▶ [Action item]
In the copy, include all of the listing exactly and none of its pictures.

▶ [Data extract]
########

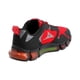 thumbnail image 5 of Tenis Niño Pirma Running Deportivos rojo 20.5 Pirma 5048, 5 of 5
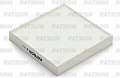 Patron PF2537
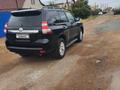 Toyota Land Cruiser Prado 2017 годаүшін18 500 000 тг. в Уральск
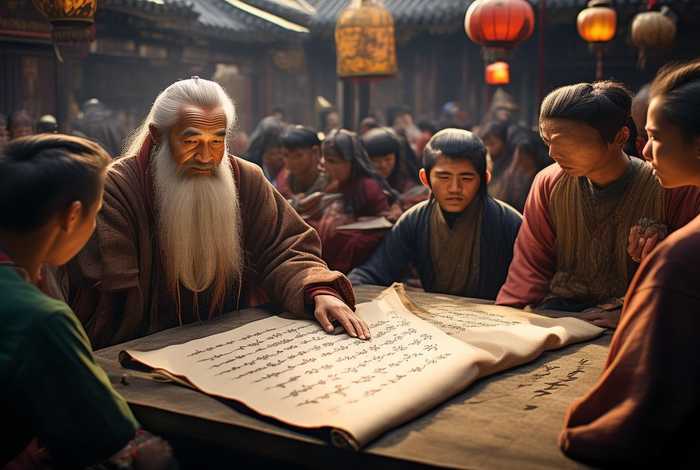 推荐中国历史故事集作文五百字 - 推荐一本书500字作文《中国历史故事》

########

▶ [The completed task]
 thumbnail image 5 of Tenis Niño Pirma Running Deportivos rojo 20.5 Pirma 5048, 5 of 5
 Patron PF2537
 Toyota Land Cruiser Prado 2017 годаүшін18 500 000 тг. в Уральск
 推荐中国历史故事集作文五百字 - 推荐一本书500字作文《中国历史故事》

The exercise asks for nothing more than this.